Slept 11 hours. Still have some recon/processing. Other than that, feeling very energized.

Easing into intermittent fasting (as I mentioned, baby steps). Did first fast, it was effortless and I feel a sense of accomplishment from it. I’m going to keep doing it and slowly expanding my fasting window.

Noticed that my mind is racing at times with some weird, sometimes literally meaningless thoughts, but after that, there are moments of clarity and stillness. I think my mind is trying to release a lot of useless stuff that is constantly going in the background in my subconscious mind. If that’s correct, I believe I’ll become much more energetic, calm, focused once enough mental gunk is cleared.

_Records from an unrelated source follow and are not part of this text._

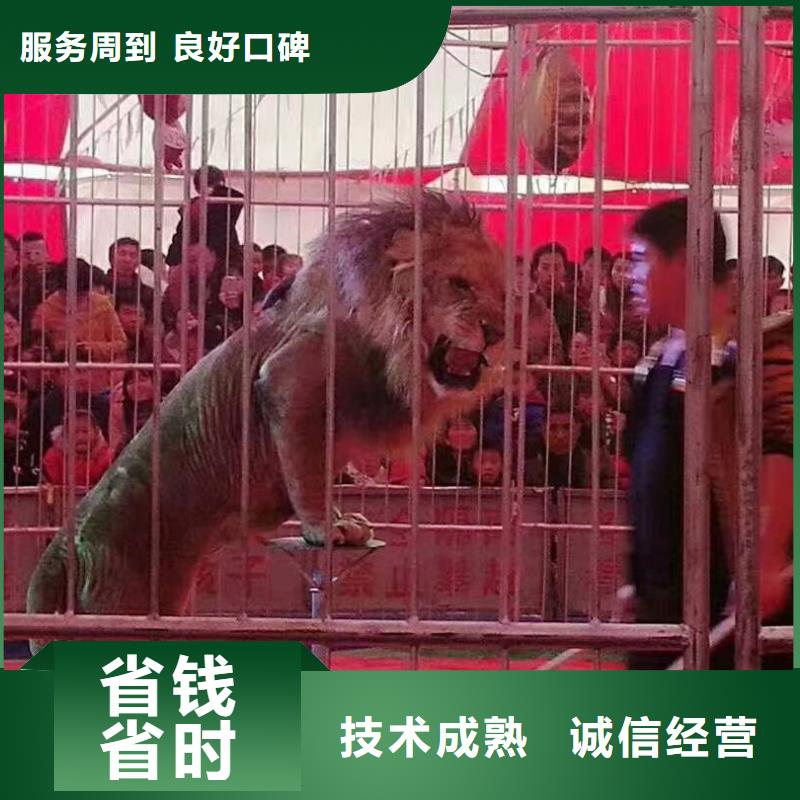 萌宠动物出租活动方案技术好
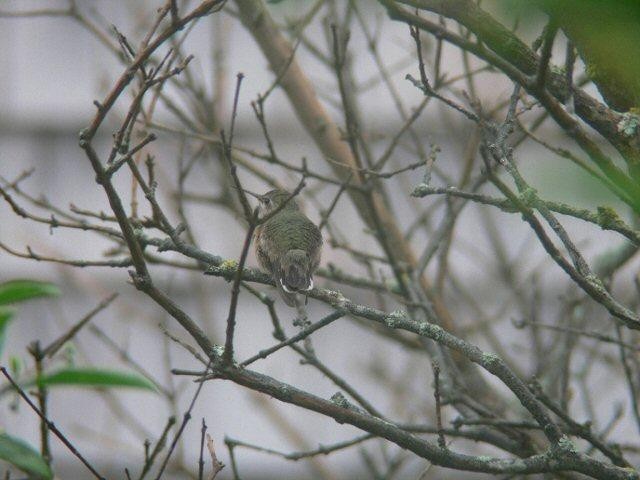 Calliope Hummingbird - ML125686881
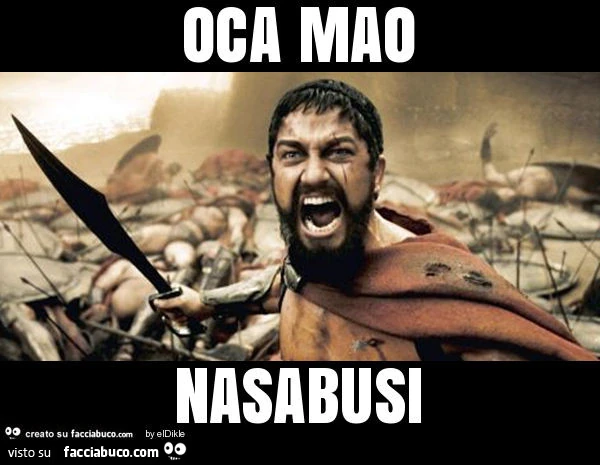 Oca mao nasabusi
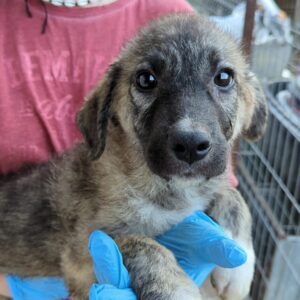 FRANJO - RBB 09/2022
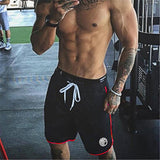 Brand Quick Dry Mens Mesh Shorts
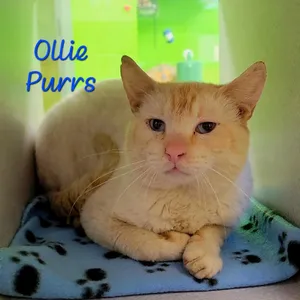 Ollie Purrs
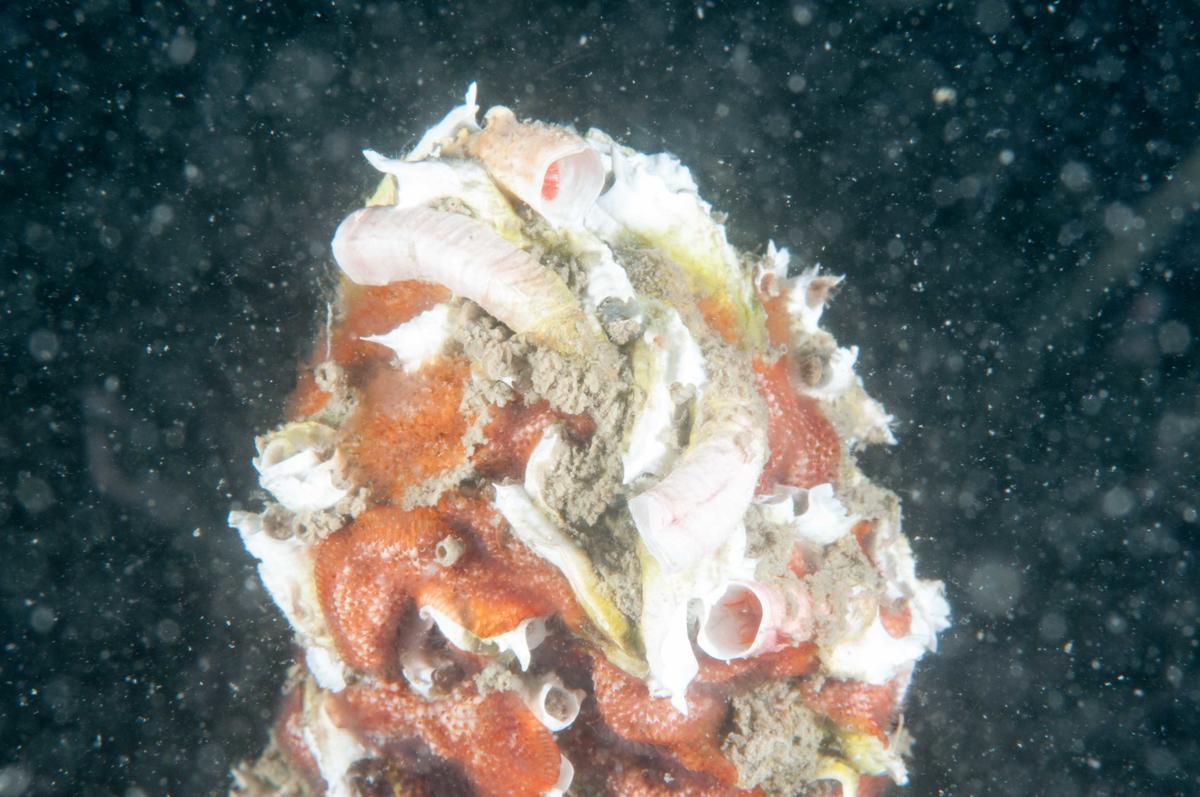 Identification Bryozoaire et polychètes Méditerranée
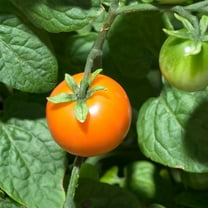 Tomato Garden Seeds - Chadwick Cherry - 1 Oz - Non-GMO, Heirloom Vegetable Gardening Seed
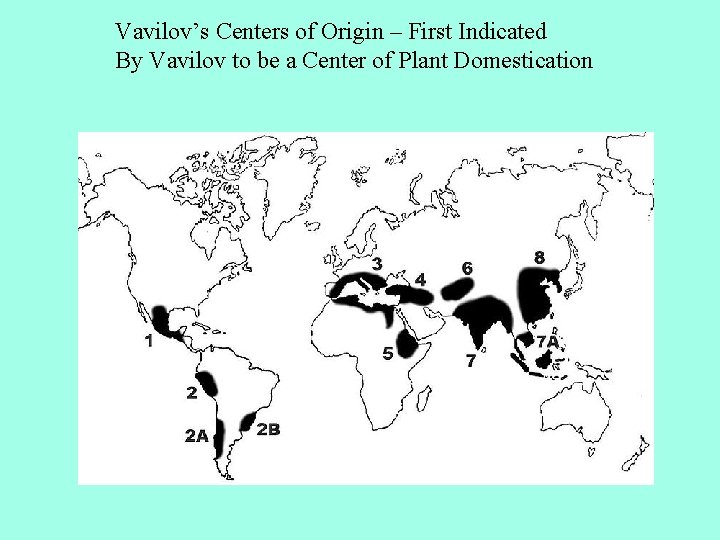 Vavilov’s Centers of Origin – First Indicated By Vavilov to be a Center of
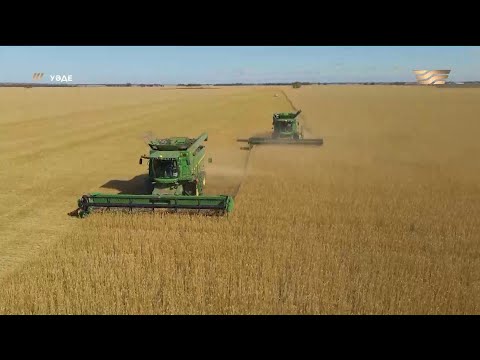Видео: Ақмола облысындағы Ақкөл ауданында жайылымдық жер тапшы. «Уәде»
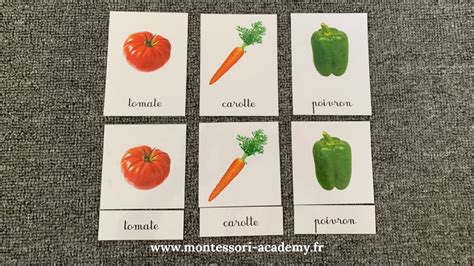 Comment Utiliser Les Cartes De Nomenclatures Montessori Academy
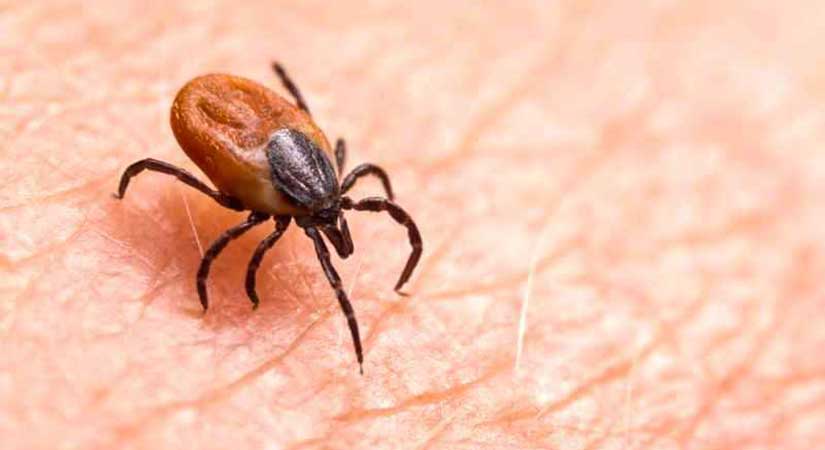 Gizli tehlike kene, hayatınızı altüst edebilir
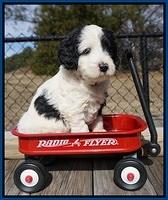 Paris Bronson pups 5 wks old 101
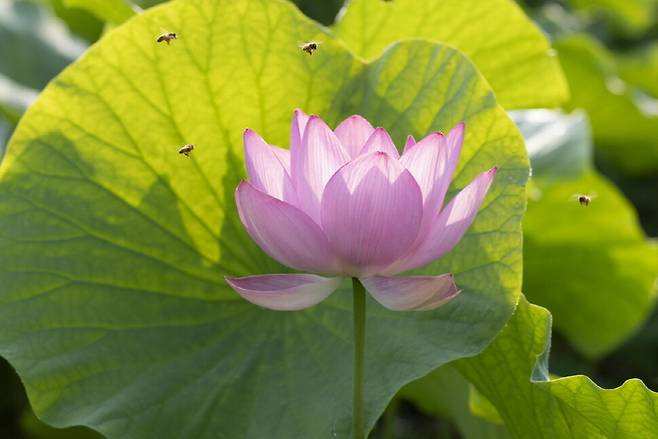 충만한 연꽃 향기에 벌들이 즐겁기만 하다.
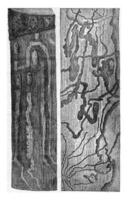 Pissodes pini larvae galleries and doll cradles a left on the trunk itself, has the right, on the inner side of the bark, vintage engraving. photo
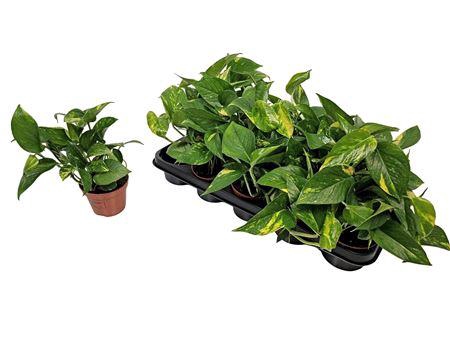 <h4>Epipremnum Pinnatum 'aureum'</h4>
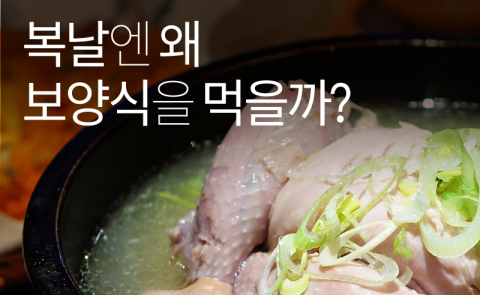  복날엔 왜 보양식을 먹을까?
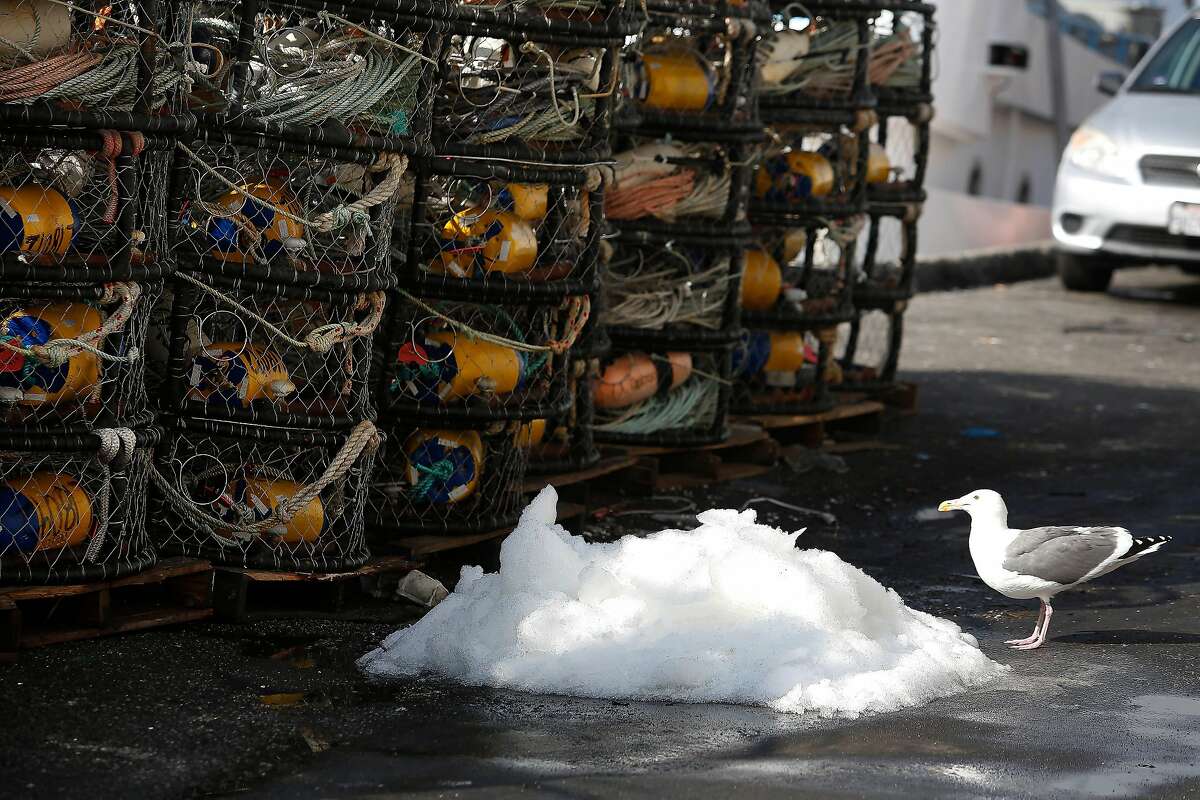 A seagull samples some crushed ice on the dock next to crab traps stacked on Pier 45 on Wednesday, November 6, 2019 in San Francisco, Calif.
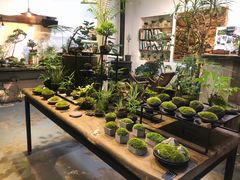 -植觉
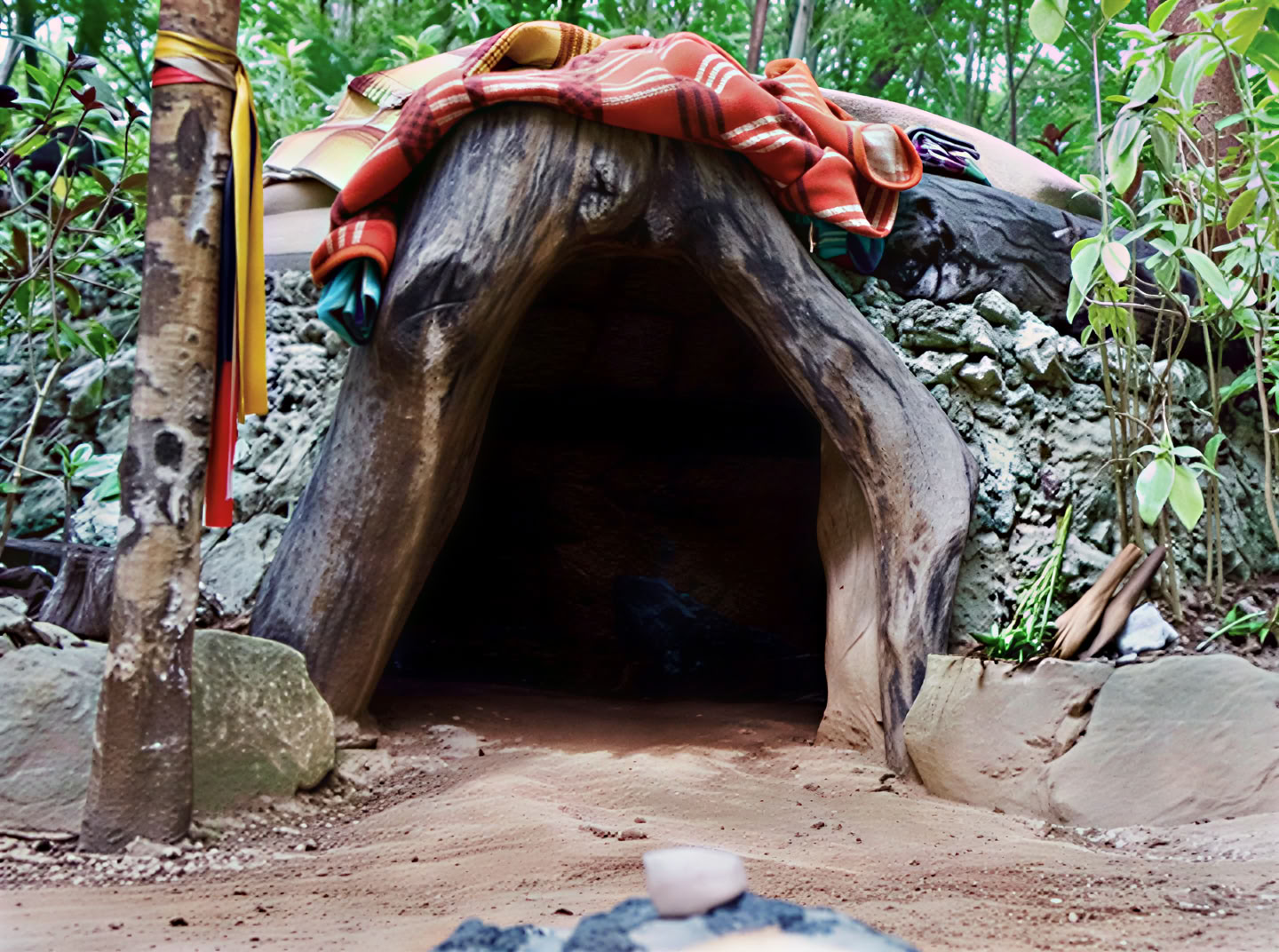 Ritiro di Ayahuasca, Messico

Other than that, I woke up and saw a message from someone I outreached in the past, they are very interested in the service I’m offering. I’m embracing a small manifestation as per EOG guidance lol. The clients also happened to be in my city which would make work easier.

One thing that EOG did for me is completely reframing my idea of Value. Coupled with some NWE manifestations which were negative at first but then turned out to be great lessons, I come to the conclusion that as long as you don’t miss deadlines, don’t bother the clients needlessly, be polite, and do work that is good enough - you already will be an above-average specialist here lol.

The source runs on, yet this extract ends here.